The difficulty growth companies have when rates begin to rise is that if more of your cash flows and earnings are into the future, the number you discount it by i.e. the interest rate or the cost of capital increases, the amount that your discounting it by goes up. So the net present value is lower. That’s not a bad thing at all, it just means that the market is becoming a little bit more cautious going forward. But if you still believe that we need to hit net zero, if you still believe that these trillions of dollars will need to be directed this way, then I’d argue that a Climate Solutions Fund is well placed in order to capture that in my opinion.
But all growth companies are not equal. What do I mean by that? There are some companies out there in the growth sphere that have no earnings. Some actually have very little in revenues and people are bidding up them in expectation of what they might do in the future.
Specifically, in the M&G Climate Solutions Fund, we haven’t done that. There are 33 holdings within the portfolio at present. 31 of them have operating business models that are already profitable.
This leaves just two companies at the moment which are not profitable today, although both are generating a small amount of revenue. These are in the clean hydrogen sphere.
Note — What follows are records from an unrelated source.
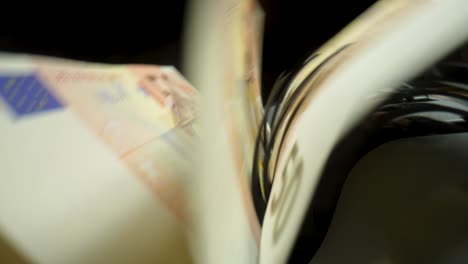 euro banknotes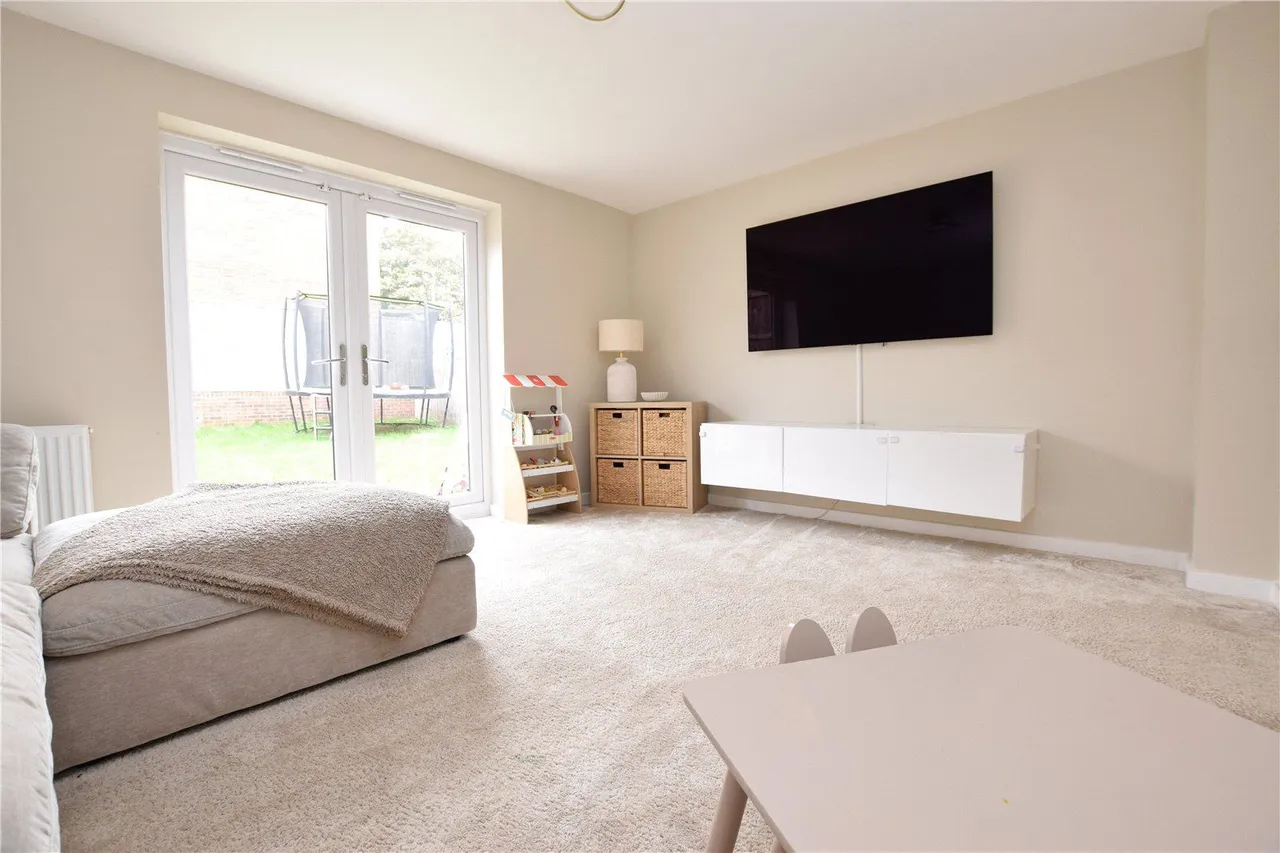 Calla Grove, Seacroft, LS14, photo 10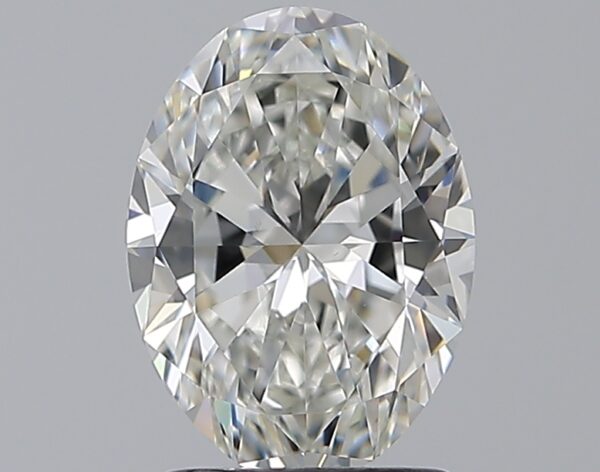1.7 carat, G colour, VS2 clarity, Oval shape, Natural Diamond.
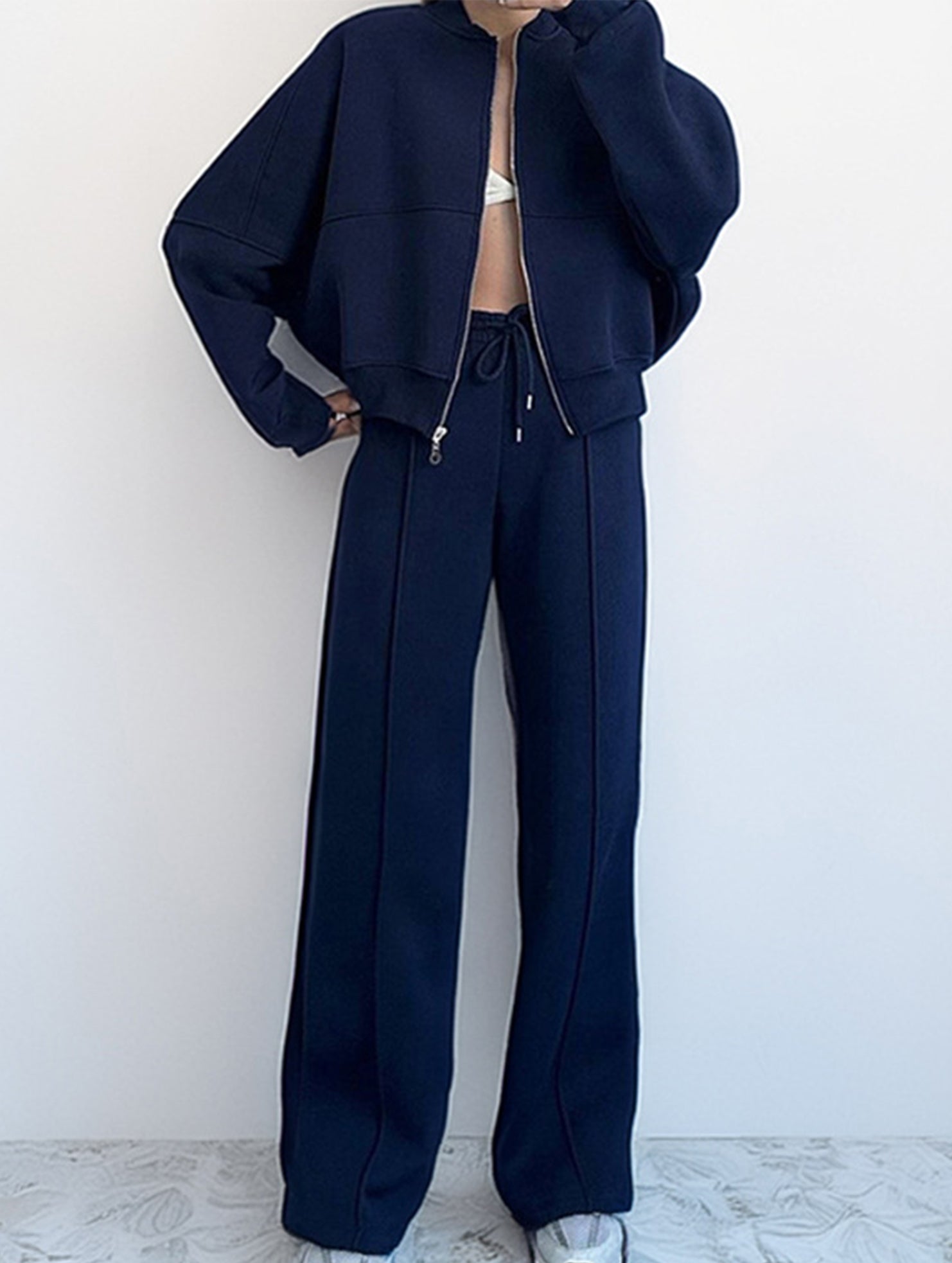 Women's drawstring sweatshirt and straight leg pants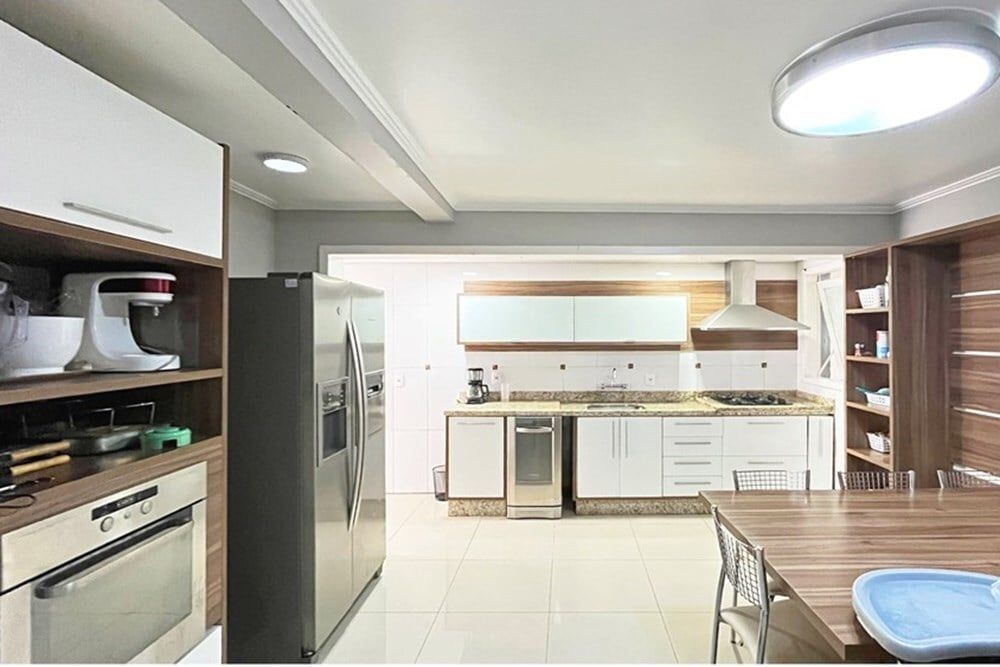 Casa de Condomínio à venda com 5 quartos, 301m² - Foto 2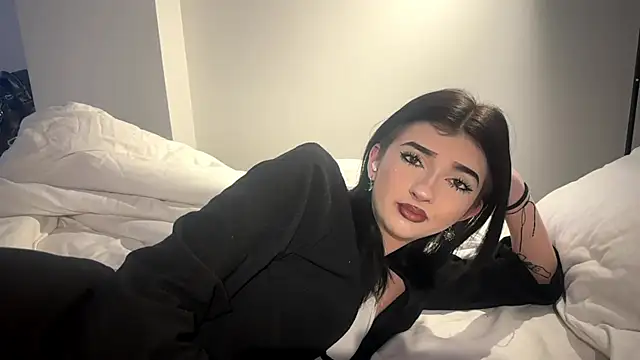 JessbutnotJessi online show from April 2026 06:03:02 AM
This is a developing technology as we move to cleaner fuel sources outside electrification and look to produce hydrogen from renewable sources rather than from fossil fuel sources.
I’d say that both of these companies are riskier because you’re paying for growth that hasn’t appeared yet. Things can change in the future just like rates can change. But when you’re buying companies where you understand the business models, you are de-risking somewhat.
If we consider the enormity of how much needs to be spent over the next 28 years, even if we don’t reach these figures, it is still a huge capital commitment. It’s good to own the companies in that area of course. But you also need to think of companies which are starting out today with the idea that this is a good area to go into. If I’m an existing company today, not doing that, but asking what if this is where all the growth is, I’ll change my business model in order to get there.
At M&G, we don’t just think this is a fantastic area to be in so we’ll just buy every company in the arena. We rationally consider which companies have defendable business models, be that IP, patent, distribution, brand, technology. This means that when all these other companies come in and try to compete with them, they have something that is defendable. It reminds me of Warren Buffett’s famous Moat principle, that markets might be gyrating around, but good quality companies are here to stay.
There are areas which are going to see huge amounts of capital spending that we have intentionally stayed away from because there aren’t any competitive barriers. An example of this is Electric Vehicle (EV) charging.
As part of the move to net zero, the UK has already set out some powerful regulations in the EV area. By 2030 in the UK, it is going to be illegal to sell a new combustion-engine car. But they’ve gone one above that and said that by the year 2035, we’re not even going to be selling any more hybrids. It all has to be electric. If we consider the amount of charging points that will be required in public spheres, offices, supermarkets, in our homes etc. it is going to be absolutely huge. However, we don’t see huge barriers to entry in companies setting up EV charging points. They’re pretty easy to do. Yes, there’s some software that goes around them but again, we don’t believe it’s that difficult. There’s too much competition in the market.
So although there is huge potential for growth, we think that any profitability will be competed away. Even though it’s a strong area, we stay away from it.
As for those companies which we do choose to invest in, we believe that when the growth comes, they have something which means they’ll be able to grow their margins and that they will not see them competed away.